Maybe the cop turned him in because he got the "full" one.


----------



## csb (Jun 1, 2011)

snickerd3 said:


> so was he operating one of the happy ending movie rooms in the basement?
> Supposedly the house my parents bought was used as a house of ill fame. the neighbors were overjoyed when a family with kids moved in.


My first apartment was in a house that used to be a funeral home. It kinda creeped me out, but the thought of living in an old brothel might be even creepier. I guess this shows I've reached the point where germs are scarier than ghosts.

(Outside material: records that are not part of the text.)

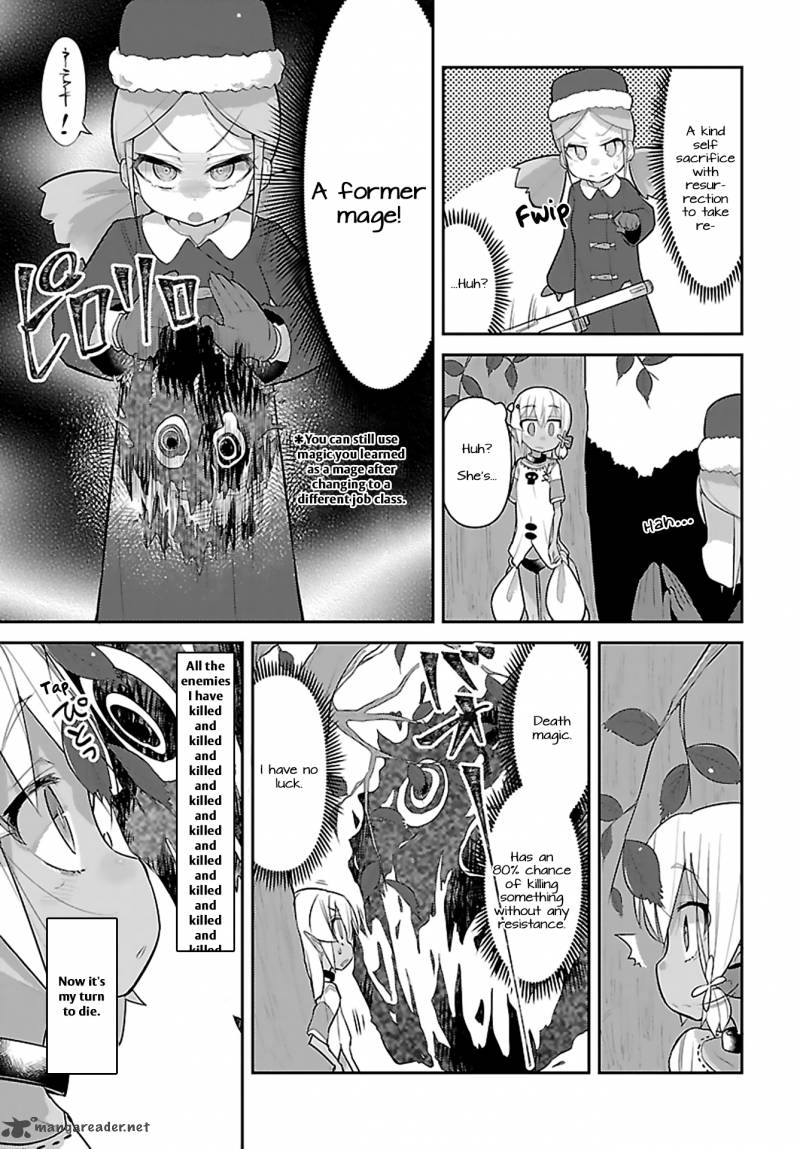 Goblin Is Very Strong 10 13
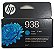 Cartucho HP 938 Ciano, Original (4S6X5PL) Para HP OfficeJet Pro, 9110, 9120, 9130, 9720, 9730, HP - CX 1 UN - Imagem 1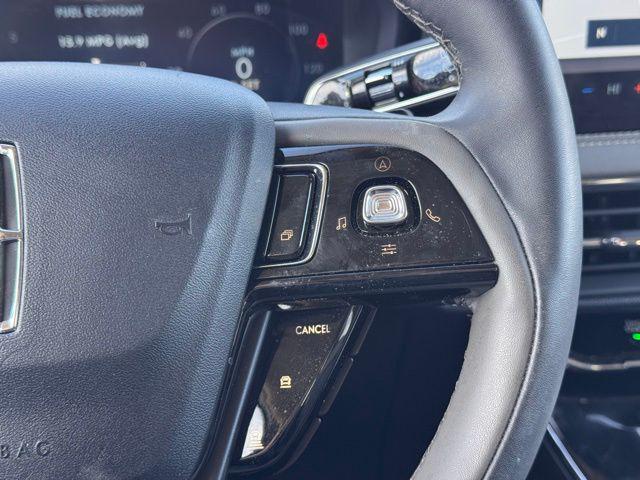 used 2023 Lincoln Corsair car, priced at $34,129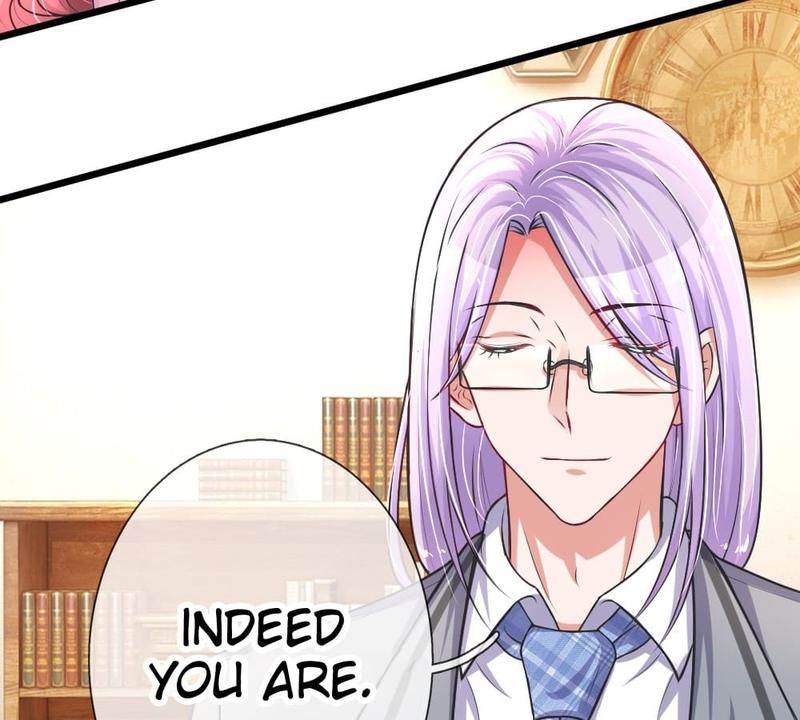 Strategy of Reborn Movie Queen - Episode 189 — page 36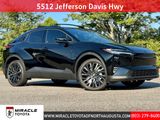 New 2026 Toyota C-HR SUV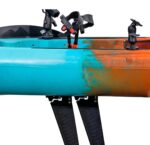 FISHER PRO  KAYAK A PEDALES - Imagen 5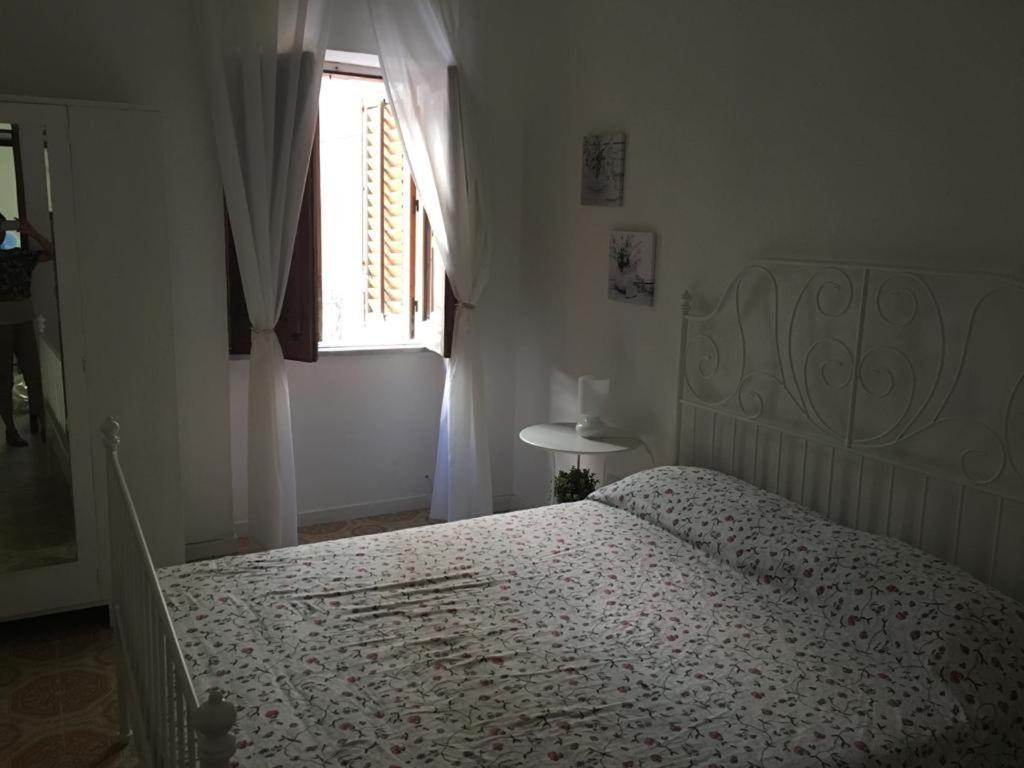 Casa Vacanza Il Timone Sciacca Eksteriør bilde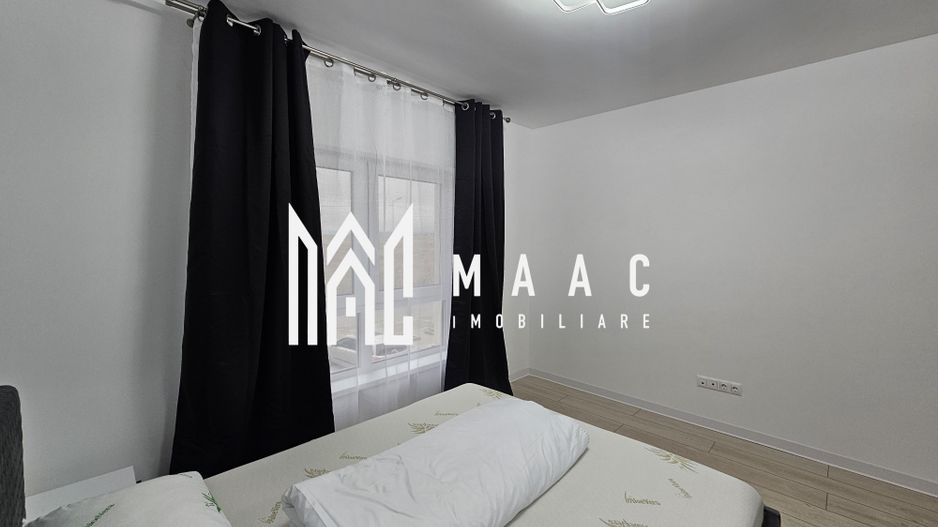 Apartament 3 camere | Parcare | Balcon | Etaj 1 | D. Stanca - Poză 6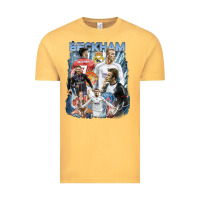 David Beckham Vintage Vintage Tee | Teevron
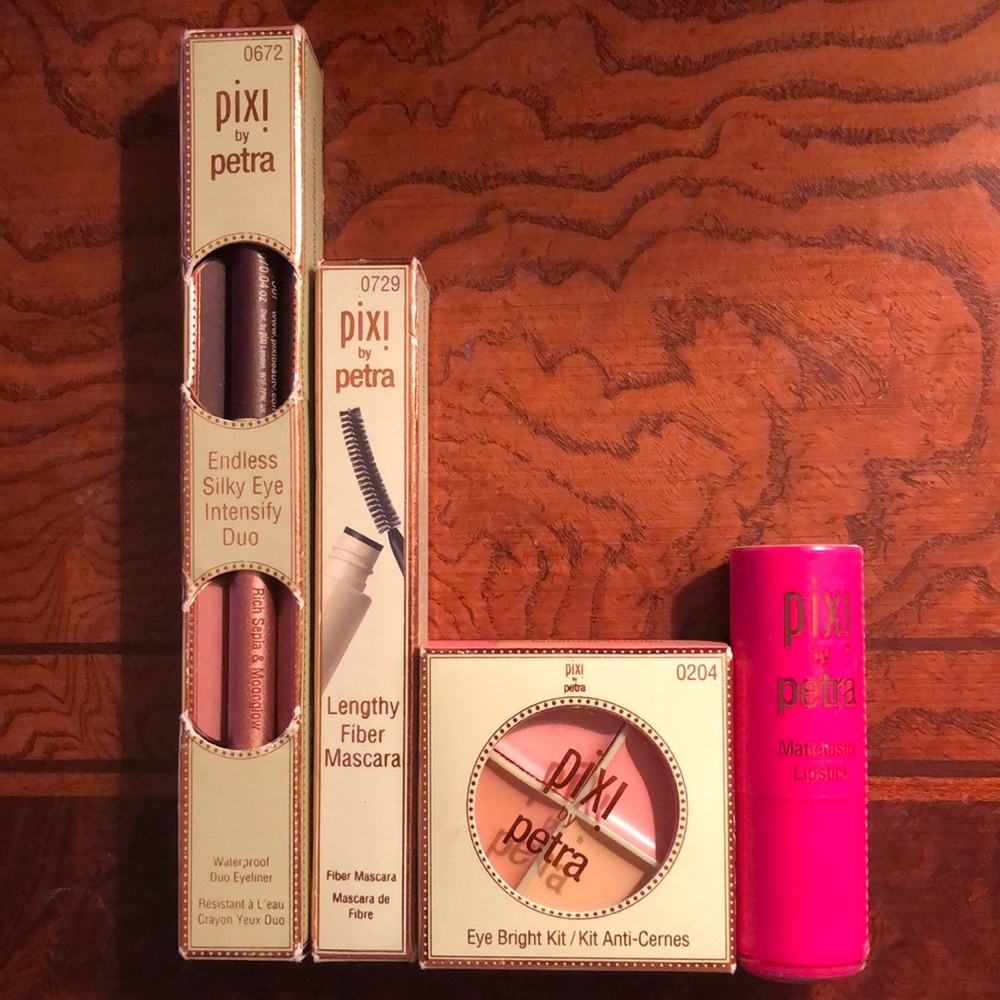 Pixi by Petra bundle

The main "massage parlor" for our state got shut down. Awkward moment when a noted doctor in town was one of the clients.


----------



## MA_PE (Jun 1, 2011)

On a serious note:

It's the world's oldest profession.

As long as it's between consenting adults and there's no "slavery" or other forced human trafficking involved. Personally, I couldn't care less. There are much bigger problems in this world to worry about and/or waste law enforcement forces on.

csb: I don't wee why it would be "creepy" to live in a former brothel. Chances are people have had sex in any building we occupy. I'd find a mortuary a lot creepier.


----------



## RIP - VTEnviro (Jun 1, 2011)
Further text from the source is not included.